# Laney Ironheart cabinet consensus



## JLP2005 (Dec 13, 2013)

My friends, it has been too long. 

Far too long, but I hope to soon emerge from the depths of this holiday season with a glorious NAD, but I have a question.


I'm shooting for a Laney IRT 60 2x12 combo, and all indicators are  , but I have a question about the 'HH Custom Designed' speakers it comes loaded with.

Has anyone been able to test a cab with these speakers in it? All the audio I've heard generated by this amp is killer, and the EQ is reportedly insane in the versatility department. But I wonder whether I should just buy the head/cab separately? I hate lugging shit around, so I'd prefer the combo. 


Can anyone offer me any insight? Are the HH speakers decent?


----------



## guitarfishbay (Dec 13, 2013)

I'm an Ironheart head user myself. I did my own cab tests a while ago with the IRT120h, you might find them useful.

Blackstar S1412B (V30s) -> Marshall 1960B (T75s) -> EVH412 (Greenbacks)

https://soundcloud.com/maxmoujaes/laney-ironheart-irt120-guitars

Same again, in mix

https://soundcloud.com/maxmoujaes/ironheart-ironheart-irt120

A different test, EVH412 on left, Blackstar S1412B on right

https://soundcloud.com/maxmoujaes/ironheart-song-2-guitar-tones

SM57, Ironheart 120h lead channel on all the clips (no boost), Gibson Les Paul with BB3 bridge pickup for all humbucker tones, the last clip has some Telecaster on it too.
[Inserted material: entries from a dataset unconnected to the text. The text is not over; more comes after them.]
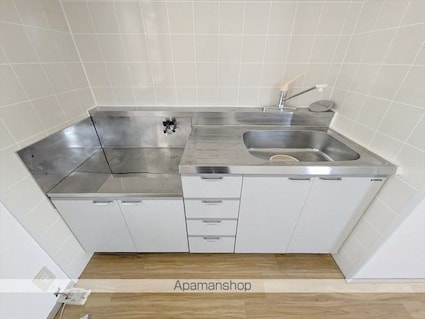 ロイヤルパレス新倉　Ｂ棟[2DK/48.6m2]のキッチン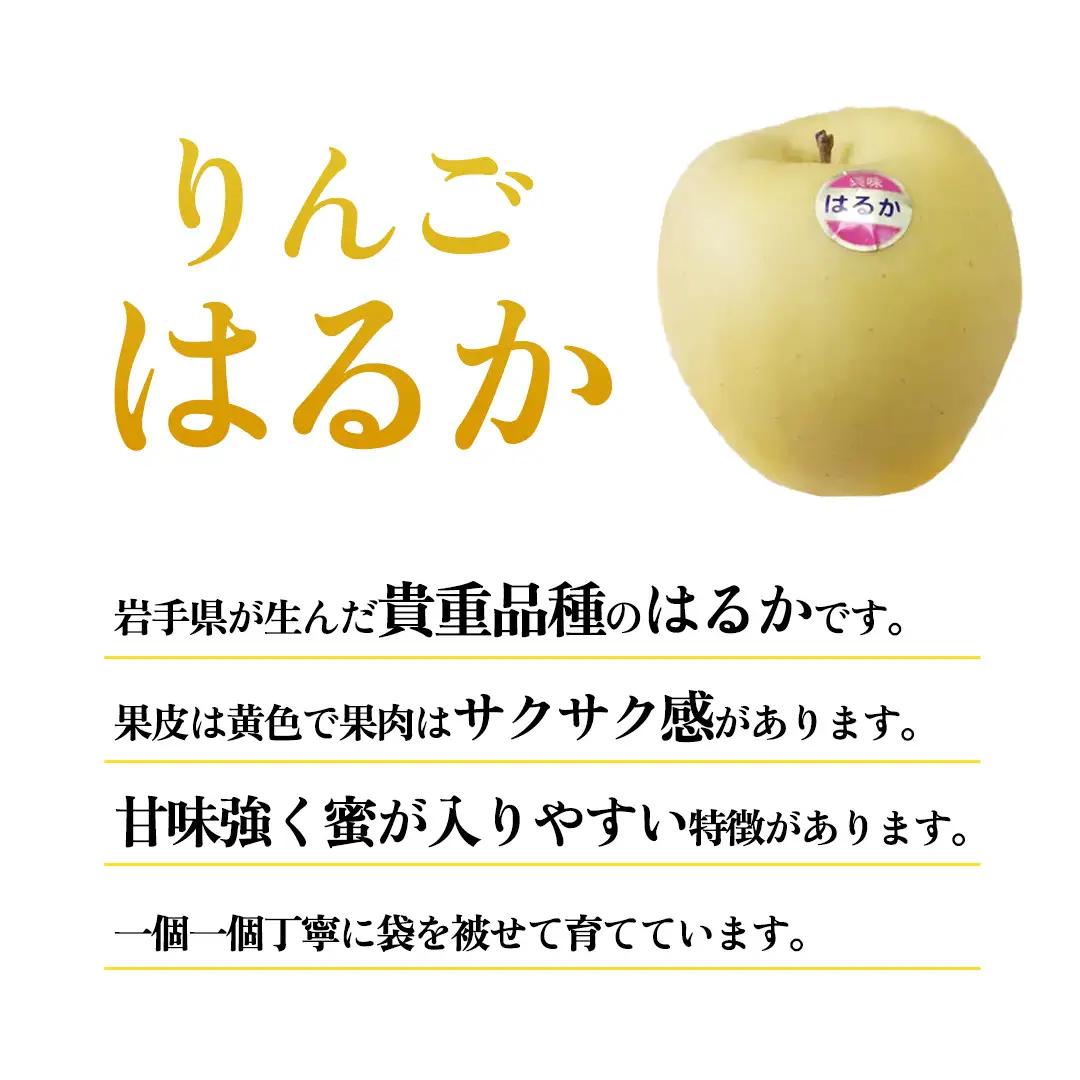 【ご家庭用】りんご はるか 約3kg (6～11玉) (FH003)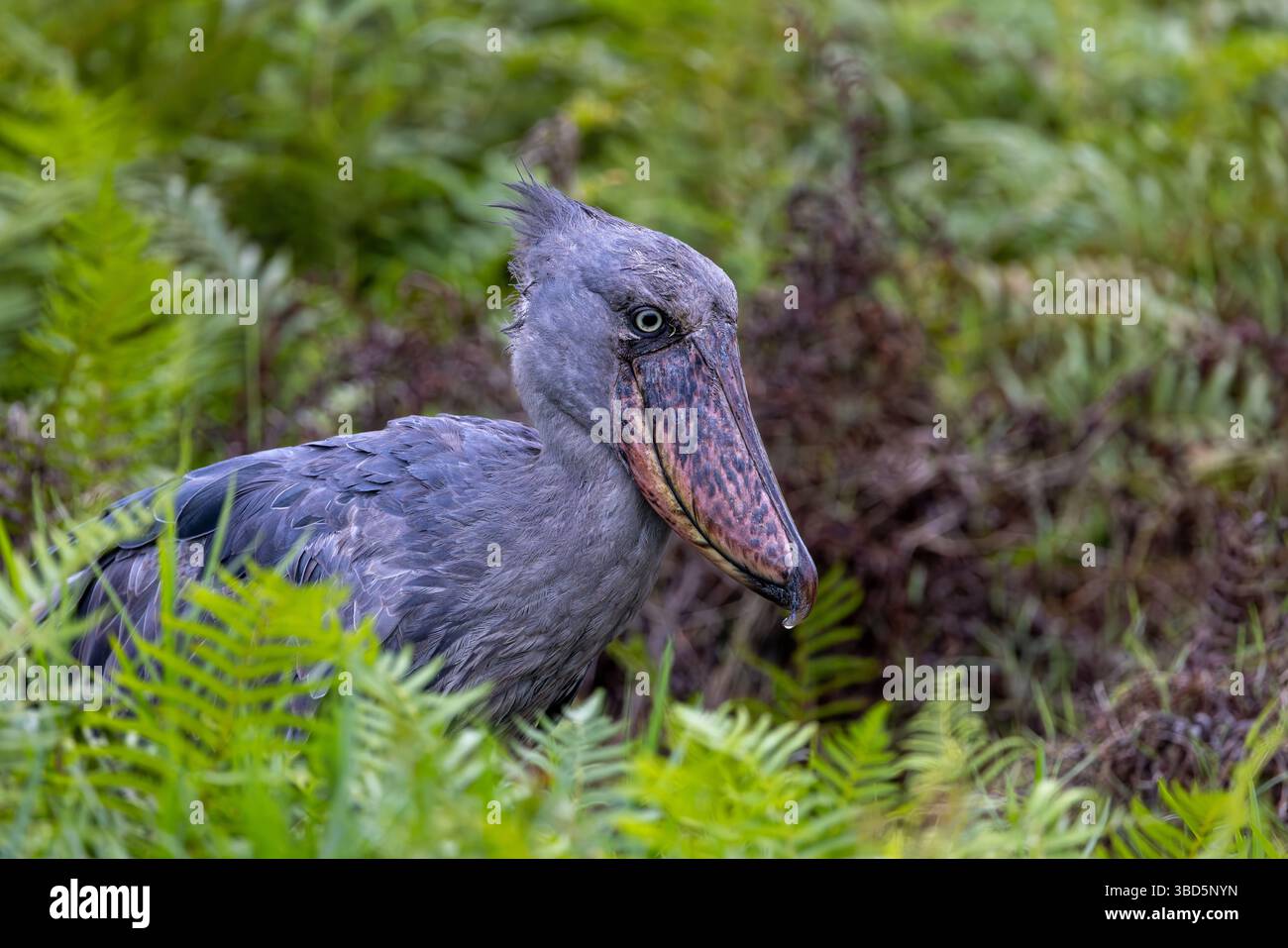 Shoebill im Mabamba Sumpf, Uganda Stockfoto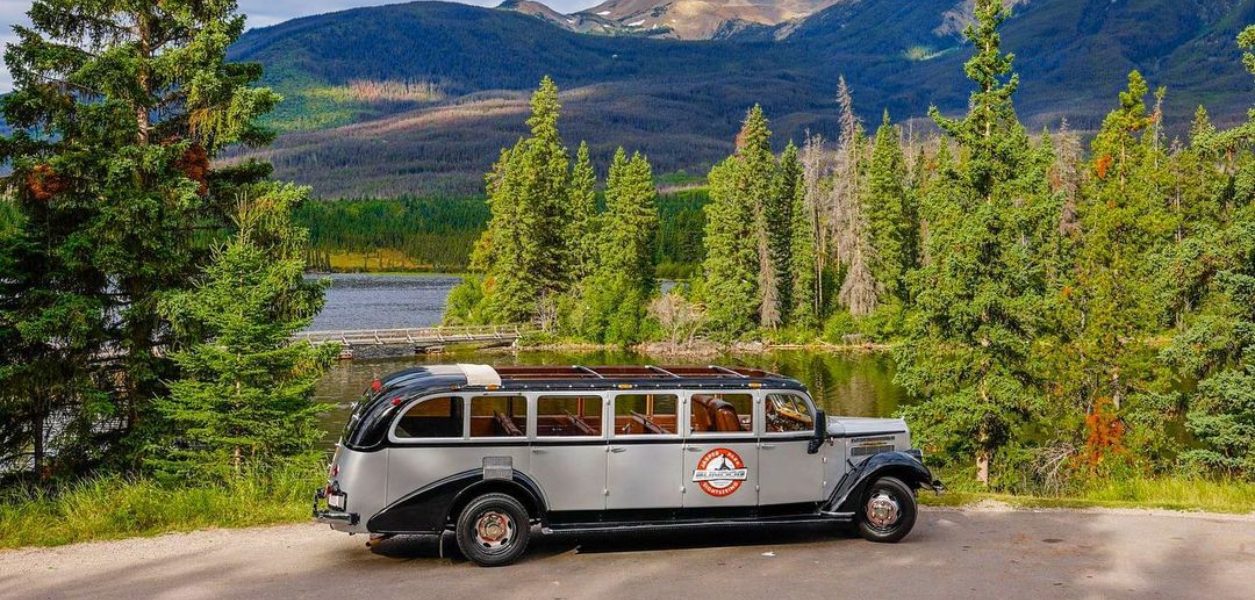 You can tour Jasper National park in vintage open-top vehicle this summer
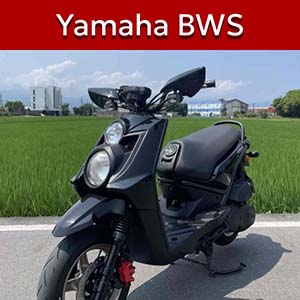 BWS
My current favourite cab for it is my Mesa Rectifier 4x12. Sounds absolutely awesome. Darker and smoother than the Blackstar cab but not a million miles away from that sound.
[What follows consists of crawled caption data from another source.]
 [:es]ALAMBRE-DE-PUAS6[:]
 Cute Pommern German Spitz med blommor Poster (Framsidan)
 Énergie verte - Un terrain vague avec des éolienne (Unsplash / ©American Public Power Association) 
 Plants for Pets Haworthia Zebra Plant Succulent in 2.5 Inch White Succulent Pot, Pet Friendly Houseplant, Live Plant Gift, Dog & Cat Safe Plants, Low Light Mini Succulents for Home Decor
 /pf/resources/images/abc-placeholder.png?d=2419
I've also tried it through an Orange PPC412 (pretty decent), Mesa Stilletto 4x12 (ace), a Laney TT412 with V30/Seventy 80 X pattern (a bit bright but ok), Zilla Super Fat Boy V30 2x12 (good), Mesa Rectifier 2x12 (fantastic), Harley Benton G212 Vintage (surprisingly tight sounding, great for the price), 1960A (prefer the B, but still good).

But, I have never tried it through a stock Ironheart cab! 
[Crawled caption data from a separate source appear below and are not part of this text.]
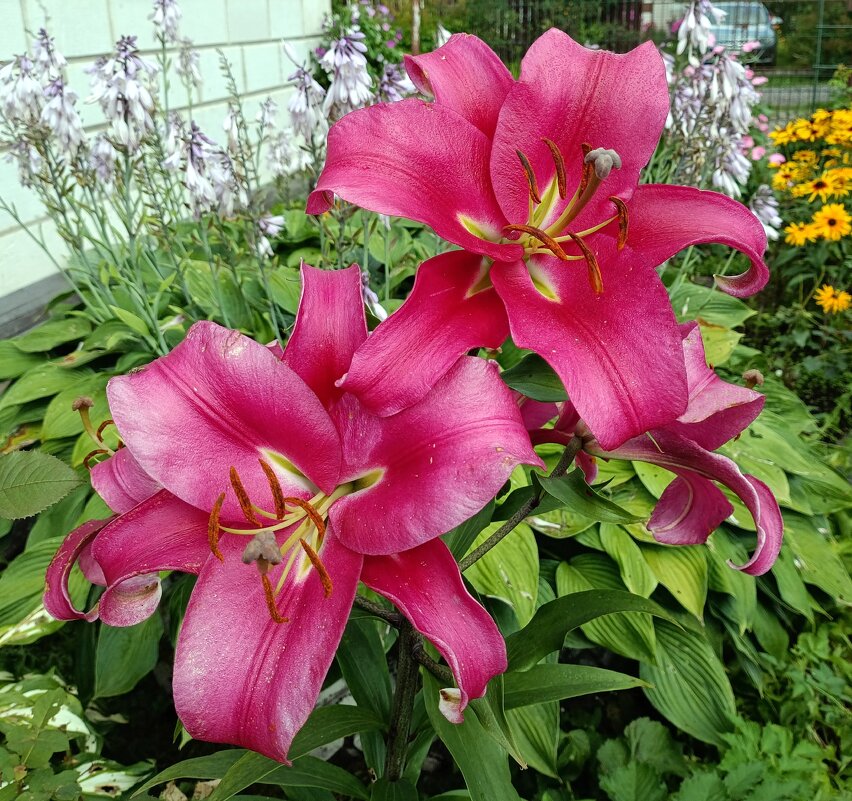 Лилии. - Ирина ***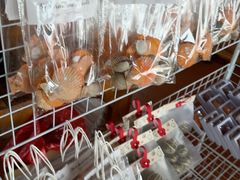 -蓝湾碧波·老字号·疍家非遗海上餐厅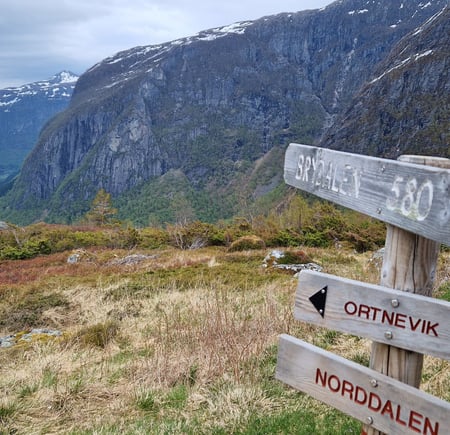 Brydalseter opp fra Ortnevik - vår 2023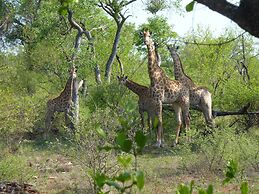 Ndhula Luxury Tented Lodge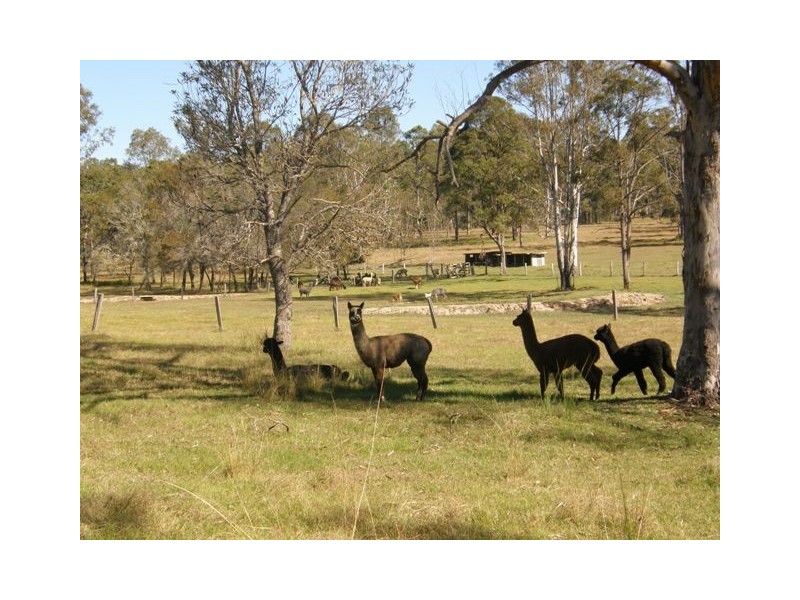 57 Ellem Lane, The Whiteman NSW 2460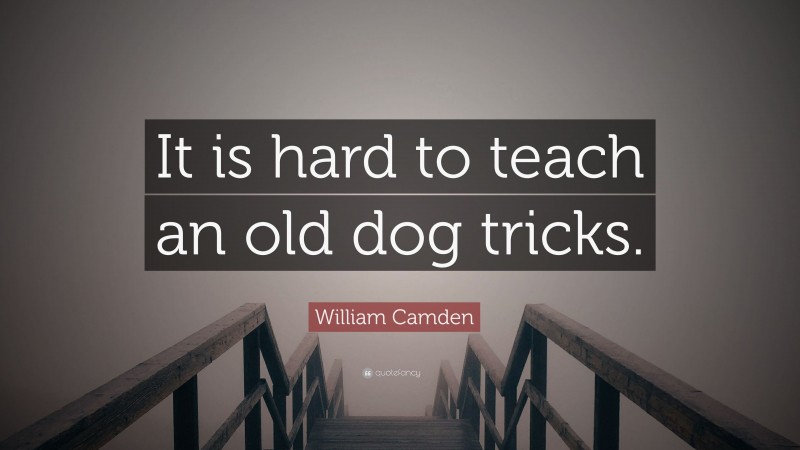 William Camden Quote: “It is hard to teach an old dog tricks.”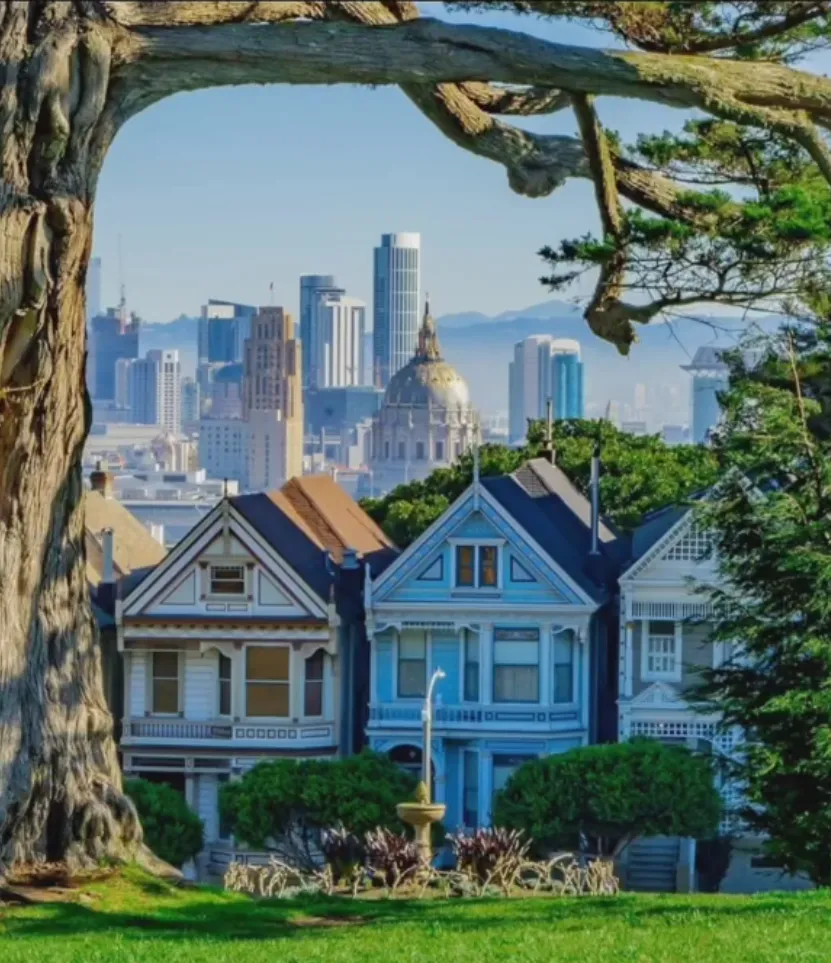 source from IG George Horsfall (@bluepaintedladyhousetour)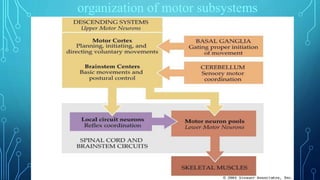 organization of motor subsystems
All I can offer regarding the Ironheart cabs is anecdotal myself, unfortunately. A guy I know just bought an IRT120h and he seems to like the tones through a V30 4x12, however he did not like the combo when he tried it. I seem to notice that more often than not, people posting negative things about the amp have been using the combo. Again, I've not tried it myself so I'm only telling you what I've heard or read. Most people who I know have owned the IRT heads have really liked them, though all those guys are using higher end cabs, mostly 4x12s with V30s or T75s.

I prefer a head and cab myself. There are a lot of discussions already on the benefits of combos vs head/cab setups. For metal/hard rock I think I prefer 4x12 cabs, hence why I go for heads. I still think there is merit to doing a head + 2x12 cab setup too, incase you ever change your mind about the cab you want or if you do any cab share gigs (taking a head is more practical in that scenario).


----------



## JLP2005 (Dec 13, 2013)

Guitarfishbay, 

Thanks so much for the reply. You bring up a few great points, and I do get the sense that the combo might not be the best route. I hear a lot of shit being thrown on the HH Speakers, and the deeper I dive, the more I hear about complaints being linked to the actual combo. 

Once again, I appreciate your post.


----------



## JLP2005 (Dec 13, 2013)

.... it; bought the IRT-60H today. NAD Incoming.


----------



## Kullerbytta (Dec 13, 2013)

I've got the IRT60 Head so I'm gonna chime in on this!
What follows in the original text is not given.